Data shown section start

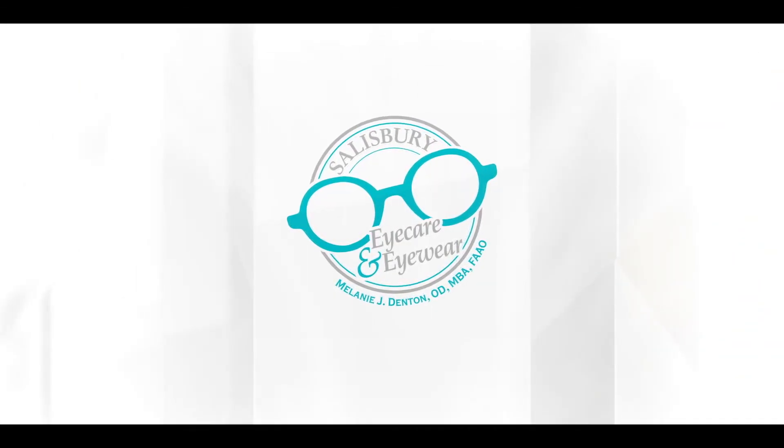Like and subscribe for videos every Wednesday at 8 p.m. I'm Dr. D, a doctor of optometry with my own private practice. I'm residency trained in ocular disease and I specialize in dry eye. Here on this channel, I post educational videos about eye health and vision products.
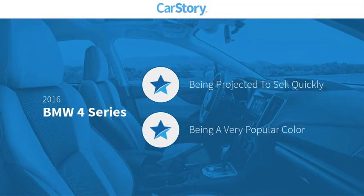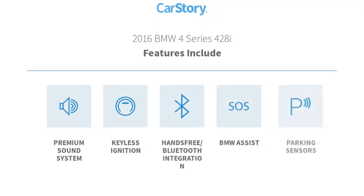CarStory research indicates this vehicle's features also include parking sensors, keyless ignition, premium sound system, and hands-free Bluetooth integration.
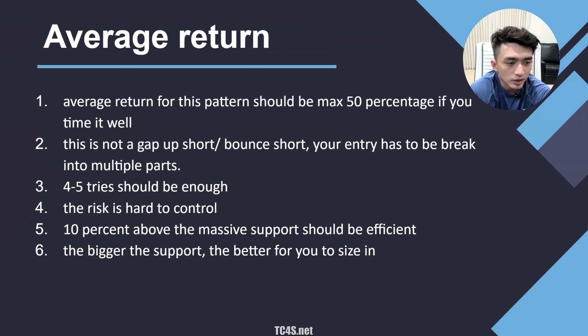You have to time it really well because there is some nuance to it. This is not a gap-up short or a bound short, where you only need one or two entries with a set max loss. For multi-day runners you have to break your entry into multiple parts. Without support, four to five entries is good. The first one, two, or three entries can be sizing into weakness when the stock drops under 50% from the top. The remaining entries are used to spot if the stock is forming double or triple support or bouncing from the bottom.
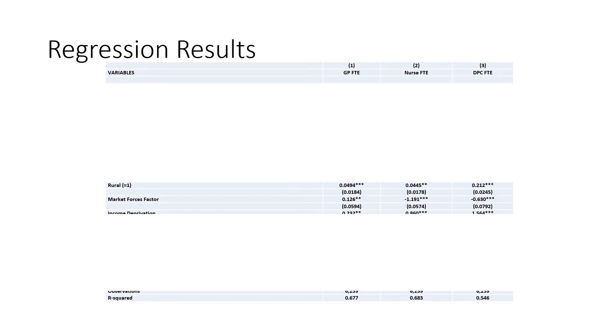Rurality is a dummy variable taking the value one for practices located in a rural location. This is positive and significant across all three worker types, indicating that more rural practices employ more staff across all three worker groups. The market forces factor, however, is positive and significant for GPs, whereas it's negative and significant for nurses and direct patient care. This indicates that practices located in areas with higher unavoidable geographic costs have relatively more GPs but fewer nurses and less direct patient care — indicative of a compositional element related to unavoidable geographic cost variation.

Data shown section end

Activity: A verbatim copy of the material, pictures excluded, is what must be produced.

Task result:
Like and subscribe for videos every Wednesday at 8 p.m. I'm Dr. D, a doctor of optometry with my own private practice. I'm residency trained in ocular disease and I specialize in dry eye. Here on this channel, I post educational videos about eye health and vision products.
CarStory research indicates this vehicle's features also include parking sensors, keyless ignition, premium sound system, and hands-free Bluetooth integration.
You have to time it really well because there is some nuance to it. This is not a gap-up short or a bound short, where you only need one or two entries with a set max loss. For multi-day runners you have to break your entry into multiple parts. Without support, four to five entries is good. The first one, two, or three entries can be sizing into weakness when the stock drops under 50% from the top. The remaining entries are used to spot if the stock is forming double or triple support or bouncing from the bottom.
Rurality is a dummy variable taking the value one for practices located in a rural location. This is positive and significant across all three worker types, indicating that more rural practices employ more staff across all three worker groups. The market forces factor, however, is positive and significant for GPs, whereas it's negative and significant for nurses and direct patient care. This indicates that practices located in areas with higher unavoidable geographic costs have relatively more GPs but fewer nurses and less direct patient care — indicative of a compositional element related to unavoidable geographic cost variation.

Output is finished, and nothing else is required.